I am going to repeat a story I was told by the recipient. He gave me permission to do so. He was the president of every group in school. He earned all the honors, plus starring in tennis. He received a full scholarship to Yale and won a spot in the Wiffenpoofs, a very special singing group. In that group he was also honored with a special role.

For an extend period of time his family had almost no money. People gathered food and clothing for the family. One person gave him his first tennis racket (which became his vocation and the source of national honors). Nobody knew among the friends his age. I now realize that our clothing was being shared and it was "none of your business."  He was my close friend in school and still is a regular, joking on FB, where he told this story. 

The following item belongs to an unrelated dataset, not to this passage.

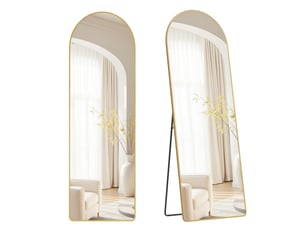 Miroir intégral arqué sur pied, 160 x 50 cm, verre trempé, doré clair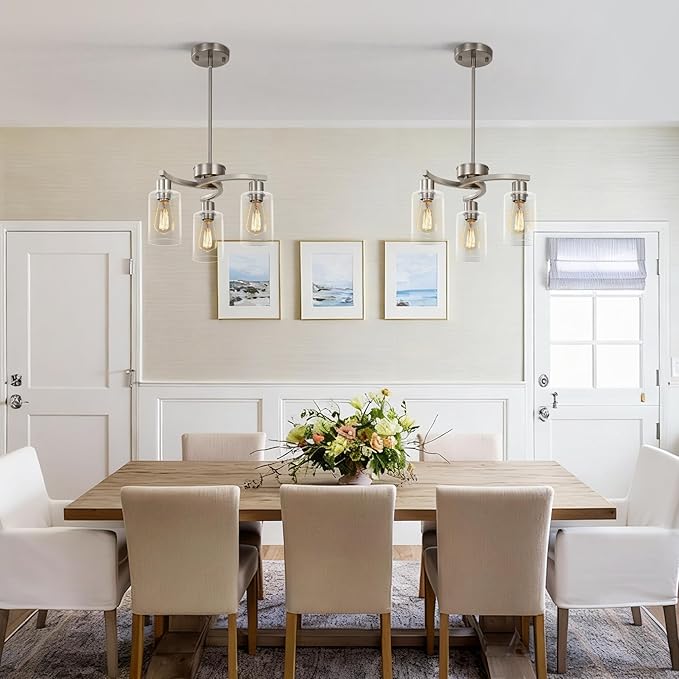 3 Light Brushed Nickel Modern Pendant Light, 16.5" Kitchen Island Lighting with Clear Glass Shade, Adjustable Dining Room Chandelier Over Table, Farmhouse Industrial Hanging Fixture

This was a good case of "covering" as Luther says. The family was spared the shame of being so poor - and fortune changed for them eventually. My friend was thankful for all the help and the absence of shame. He said, "Remember how much I was helped and think of that when someone near you has a need." 

Now another person, the Santa above, is brought low by a fire that started in the business nextdoor. I am sure our classmates will pitch in and help. Our veteran friend could not sleep at night because of his lack of furniture and bedding, so we bought him a new bed and a complete set of bedding. It was so gratifying to see how much that helped.

Point of the Story
Jesus taught this story to His disciples so they would be encouraged to help the poor, which is the story behind Paul's gathering of money in 2 Corinthians 8 and 9, see Acts 16. 

The apostles were so occupied with taking care of the needy that they commissioned deacons (not bullies) to carry out more of this work. So the apostles took this strange parable to heart. That has continued to be the template for the Christian Church and for America.

Faith and salvation bring prosperity to people, because God blesses what we do and shows us how to use our resources wisely. We are always tempted to look down on someone in poverty and say, "But if only..." and that is true. People squander their money on liquor, tobacco, gambling, and drugs. Many live on the edge, working for little and often spending it foolishly.

If we denounce them for bad behavior, then we have no audience. They know it. They have heard it before. Many have lived better before this dark age of America. But if we share their burdens and help out where we can, that establishes trust and an audience for the Gospel. 

Luther turned against the Medieval fads of building glorious buildings which were seen as honoring God and the saints, while the poor were suffering and starving. It is funny how we have done the same, as Lutherans. One very rich man was quite a cad and doubtless felt guilty over it. So the LCMS, ELS, and WELS tapped his riches to pay for his guilt and praise him into heaven - literally. And what do they have to show for it? They are financially bereft. They have big empty buildings and nothing to show for it but a bunch of bronze plaques honoring the cad.

I love the ending of this strange parable. Isn't it pleasant to think of the cheers upon entering heaven? After all, the Gospel is for the poor in spirit (those who need the comfort of the Gospel) and for the weak, the needy, the disfigured and disabled. The great, wise, and strong do not feel the need for the Gospel and only want the praise of denominational leaders.